A good rep
CUSD unrest hasn’t tempered student representative’s interest in politics
Several times over the last couple of years, the strongest, most intelligent questions from the Chico school board dais came from its youngest voice—the student representative.
Michael Garcia, who graduated this month from Pleasant Valley High School, has served two terms as the student rep to the Chico Unified School District Board of Trustees. At the last board meeting he offered his good-bye thoughts and hopes that the district and its teachers union can compromise and avert a strike.
“All of you truly work for the students of this district,” he pointed out at the June 20 meeting. He also took the opportunity to suggest that trustees visit a different school site each month and always vote their consciences.
Garcia became a recurring force at board meetings in early 1999, when teachers were lobbying for more money and the district was set to cut millions of dollars’ worth of programs.
The spark, he said in an interview, “was the cut to my health class my sophomore year. It put a stone in my path to college.”
CUSD-watchers still grin at the memory of Garcia shooting barbs at the then-interim superintendent: “And you, Dr. Stremple, with your $9,000-a-month salary.”
The now-18-year-old’s style has since mellowed into that of an informed, thoughtful public speaker.
Starting in his junior year, Garcia traded his spectator role for that of participant when he served two terms as the student rep. The role is usually little more than honorary, giving a teen the dubious pleasure of spending several hours sitting in the City Council Chambers next to the real trustees. Garcia called it “window dressing to make it look like there was a student opinion.” But Garcia, though always respectful, wasn’t one to sit quietly.
During the last school board election, he moderated a student-led debate among candidates and even considered making endorsements. He helped organize a boardroom protest—including students from rival Chico High—in favor of reducing class sizes, complete with signs calling for “no more 34.”
And though a student rep’s vote is only advisory, Garcia was the only one at the board’s June 20 meeting to vote against the resolutions giving the superintendent extensive powers in the case of a teachers’ strike. It was too soon to go that far, he figured. (Garcia is frustrated that in his time alongside the trustees, “I’ve never, ever seen a split decision on the board. They all have different opinions, but they vote all the same.")

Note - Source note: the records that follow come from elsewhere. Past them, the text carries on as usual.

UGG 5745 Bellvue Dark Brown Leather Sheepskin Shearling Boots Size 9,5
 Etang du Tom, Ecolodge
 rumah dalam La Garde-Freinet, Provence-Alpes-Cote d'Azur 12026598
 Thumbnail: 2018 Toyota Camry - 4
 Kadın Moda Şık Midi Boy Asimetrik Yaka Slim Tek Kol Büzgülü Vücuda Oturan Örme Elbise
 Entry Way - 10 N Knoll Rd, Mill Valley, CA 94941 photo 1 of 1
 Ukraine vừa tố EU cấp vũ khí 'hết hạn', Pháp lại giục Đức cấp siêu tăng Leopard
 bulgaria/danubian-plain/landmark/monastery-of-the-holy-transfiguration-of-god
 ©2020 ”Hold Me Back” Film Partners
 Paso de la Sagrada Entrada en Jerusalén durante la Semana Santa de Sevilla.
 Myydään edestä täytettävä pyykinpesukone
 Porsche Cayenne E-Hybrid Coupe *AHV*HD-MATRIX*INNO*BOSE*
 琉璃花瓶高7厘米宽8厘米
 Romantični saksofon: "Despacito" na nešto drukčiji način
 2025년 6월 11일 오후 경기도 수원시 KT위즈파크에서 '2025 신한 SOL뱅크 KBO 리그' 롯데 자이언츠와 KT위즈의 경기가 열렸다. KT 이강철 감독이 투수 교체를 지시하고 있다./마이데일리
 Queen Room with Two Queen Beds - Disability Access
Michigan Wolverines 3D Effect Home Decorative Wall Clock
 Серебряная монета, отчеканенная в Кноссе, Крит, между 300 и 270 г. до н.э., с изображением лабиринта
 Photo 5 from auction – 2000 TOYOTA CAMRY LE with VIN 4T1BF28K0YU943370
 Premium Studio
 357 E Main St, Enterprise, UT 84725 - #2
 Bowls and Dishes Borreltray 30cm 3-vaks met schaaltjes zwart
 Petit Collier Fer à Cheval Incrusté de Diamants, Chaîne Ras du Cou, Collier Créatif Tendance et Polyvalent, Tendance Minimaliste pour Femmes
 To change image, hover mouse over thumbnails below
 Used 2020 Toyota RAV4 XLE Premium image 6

At the same meeting, his innocent query about who was telling the truth about cancelled teacher contract negotiation meetings—a question likely on the minds of many in the audience, but unspoken—prompted a spirited debate among administrators and the teachers’ union president.
Garcia has met with the superintendent, two board members and the union president and come to the conclusion that neither side is completely in the right. “The teachers can’t have what they’re asking for, and the district can afford more than it’s offered,” Garcia said.
A couple of years ago, Garcia admits, he had the luxury of being extreme in his activism. “It was easier then,” he said, when he didn’t know as much about the system.
Eileen Robinson, the president of the classified employees’ union, characterized Garcia’s growth as he learned to “step back and gather information from both sides of an issue. He became more open-minded and quickly developed a ‘big picture’ capability that many adults fail to master.”
Robinson, calling Garcia “bright, fearless, principled and trustworthy,” said he “empowered many who had never even dreamed of playing the activist role.”
Rick Anderson, whose seat on the dais was next to Garcia’s, also praised the student rep: “He has always been passionate about his views and championed them whenever he could. I’ve seen him grow in his ability to appreciate and address complex issues.”
Garcia, Anderson said, “has embraced his role as a student representative on the board and has voted his conscience.”
Garcia isn’t leaving the Chico political scene just yet. This fall, he’ll be a political- science major at Chico State University. He’d like to get more involved in politics, perhaps on an international level, and maybe intern at the Capitol.
Garcia’s mother, Michelle, said she is “very proud” of her son, as is his father, Tim. His grandparents—Chuck and Shirley White of Cohasset—have been very supportive of his pursuits, even as they warned him politics can be a dirty business.
“He’s been motivated since kindergarten, I think,” Michelle Garcia said. His grandfather died last month, but he had enjoyed playfully quizzing Michael about issues like the Florida election debacle, or the teachers’ contract negotiations. “My dad was always turning the tables on him and making him think more than he thought he could,” she said.
Michael Garcia says his motivation is simple: "The students have taken a back seat lately," he said, and they should be—as the district’s mission statement says—the first priority.